As multifamily operators consider ways to optimize the apartment-shopping experience, it's becoming increasingly clear that self-guided tours are a fundamental part of the future of leasing.
Consider the numbers from the single-family home leasing market, in which self-guided tours are a more established practice. In this market, according to an Anyone Home analysis, 17.75 percent of all prospects book a property tour. Of those that take a tour, an eye-popping 76 percent choose a self-guided one while only 24 percent tour with an agent.

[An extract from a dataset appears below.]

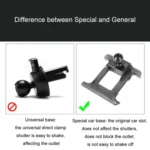 For Skoda Left Driving Car Special Mobile Phone Navigation Bracket Base - Image 2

Just like in the single-family market, more and more of today's apartment prospects also relish the chance to tour a home away from the eyes and ears of a leasing agent. Some just simply want as little human interaction as possible during the touring process, while others appreciate the opportunity to see a home without having to sugarcoat their reaction to an agent they like. But perhaps the most appealing reason to self tour is that the prospects can look at potential homes at a time that is most convenient to them, which is not necessarily during normal leasing office hours.
But while home-hunters want self-guided tours, many apartment operators remain leery. This is understandable: Inviting a prospect to take an unaccompanied tour of an apartment community poses some risk. To start with, current residents may not – at least at first – be crazy about the idea of non-residents walking around their community without an associate.
Next, there are the concerns about criminal activity: What if the person taking a self-guided tour breaks into an apartment home? What if they steal from the community? What if this person is an ax-murderer?
The last thing I want to do is say operators' fears are silly. It's part of their jobs to worry about such things. But I do want to say that, in the grand scheme of things, the risks are, for the most part, minimal. I also want to discuss the several steps operators can take to significantly reduce the risk posed by self-guided tours.
Operators can work with third parties to put in place a number of processes and procedures that weed out potentially troublesome prospects who are at least initially interested in taking a self-guided tour.
The first process takes the credit card number provided by a prospect to cover the self-guided touring fee and verifies the validity of the information provided to detect possible fraudulent applicants.
The second recommended process takes the basic guest card information a prospect supplies when registering online for a self-guided tour – name, email, phone and address – and compares that information against a database of previous online and real-life activity. This analysis assesses the likelihood that the applicant is who they say they are and provides a fraud risk rating of “high,” “medium” or “low.”
The first screening measure outlined above eliminates unqualified or risky prospects before they undergo the second process discussed above (the fraud-risk analysis). Of the prospects who undergo the fraud-risk analysis, only 1.7 percent are refused access to the community because of the likelihood that they are fraudulent.
Embrace self-guided tours
In the end, operators need to know that they can protect themselves from the risks posed by self-guided tours and that those risks are minimal to begin with. In fact, by having certain measures in place to assess the risks presented by those seeking to take a self-guided tour, operators can weed out unqualified or risky applicants before they undergo the formal application process.
Let's face it: self-guided tours are here to stay. Prospects love them, and it won't be much longer before they expect them to be the norm.